▶ **TASK REQUIREMENTS**
Among the lines below, copy exactly those from the one with "Fachkraft für Vegetations- und" through the one with "Die Rolle der", counting both ends.

□ □ □

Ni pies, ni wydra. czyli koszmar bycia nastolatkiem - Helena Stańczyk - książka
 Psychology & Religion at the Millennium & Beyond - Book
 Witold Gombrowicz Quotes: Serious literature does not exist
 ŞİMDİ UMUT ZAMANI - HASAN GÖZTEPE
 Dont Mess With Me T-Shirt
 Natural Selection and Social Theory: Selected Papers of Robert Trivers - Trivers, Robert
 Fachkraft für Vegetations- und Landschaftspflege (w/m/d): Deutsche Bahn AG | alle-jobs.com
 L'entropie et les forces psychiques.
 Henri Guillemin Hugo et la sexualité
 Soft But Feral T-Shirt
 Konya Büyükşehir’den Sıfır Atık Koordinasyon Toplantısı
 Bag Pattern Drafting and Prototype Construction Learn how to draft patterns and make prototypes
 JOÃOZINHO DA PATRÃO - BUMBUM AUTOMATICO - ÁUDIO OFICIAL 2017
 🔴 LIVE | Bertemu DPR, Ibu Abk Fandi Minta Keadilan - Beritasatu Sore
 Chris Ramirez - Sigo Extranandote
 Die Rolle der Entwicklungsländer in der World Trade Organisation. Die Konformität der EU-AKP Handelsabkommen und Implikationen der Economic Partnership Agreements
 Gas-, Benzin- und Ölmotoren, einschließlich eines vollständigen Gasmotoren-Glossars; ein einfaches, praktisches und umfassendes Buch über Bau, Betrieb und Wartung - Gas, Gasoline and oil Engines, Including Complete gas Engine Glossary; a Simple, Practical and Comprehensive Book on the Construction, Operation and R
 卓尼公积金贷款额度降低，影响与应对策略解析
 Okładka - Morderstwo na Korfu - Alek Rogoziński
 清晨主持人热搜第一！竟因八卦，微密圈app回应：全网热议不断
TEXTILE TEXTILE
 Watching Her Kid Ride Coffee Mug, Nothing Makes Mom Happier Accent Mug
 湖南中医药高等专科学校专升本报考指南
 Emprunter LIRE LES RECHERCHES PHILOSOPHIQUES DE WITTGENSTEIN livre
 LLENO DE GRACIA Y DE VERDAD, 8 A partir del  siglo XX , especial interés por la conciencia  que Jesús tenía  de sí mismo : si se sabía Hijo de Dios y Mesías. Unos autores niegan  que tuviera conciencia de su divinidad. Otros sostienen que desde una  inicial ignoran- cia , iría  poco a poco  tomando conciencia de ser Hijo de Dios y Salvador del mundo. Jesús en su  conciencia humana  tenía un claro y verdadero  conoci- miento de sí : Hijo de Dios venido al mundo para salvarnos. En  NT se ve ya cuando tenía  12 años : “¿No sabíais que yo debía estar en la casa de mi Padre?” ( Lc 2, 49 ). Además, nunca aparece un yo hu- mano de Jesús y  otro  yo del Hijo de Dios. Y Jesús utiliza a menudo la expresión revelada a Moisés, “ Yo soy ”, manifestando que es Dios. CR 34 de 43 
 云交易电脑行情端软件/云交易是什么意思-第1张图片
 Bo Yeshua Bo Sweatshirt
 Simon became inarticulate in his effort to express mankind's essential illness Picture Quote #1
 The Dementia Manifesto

□ □ □

▶ **SOLVED EXERCISE**
 Fachkraft für Vegetations- und Landschaftspflege (w/m/d): Deutsche Bahn AG | alle-jobs.com
 L'entropie et les forces psychiques.
 Henri Guillemin Hugo et la sexualité
 Soft But Feral T-Shirt
 Konya Büyükşehir’den Sıfır Atık Koordinasyon Toplantısı
 Bag Pattern Drafting and Prototype Construction Learn how to draft patterns and make prototypes
 JOÃOZINHO DA PATRÃO - BUMBUM AUTOMATICO - ÁUDIO OFICIAL 2017
 🔴 LIVE | Bertemu DPR, Ibu Abk Fandi Minta Keadilan - Beritasatu Sore
 Chris Ramirez - Sigo Extranandote
 Die Rolle der Entwicklungsländer in der World Trade Organisation. Die Konformität der EU-AKP Handelsabkommen und Implikationen der Economic Partnership Agreements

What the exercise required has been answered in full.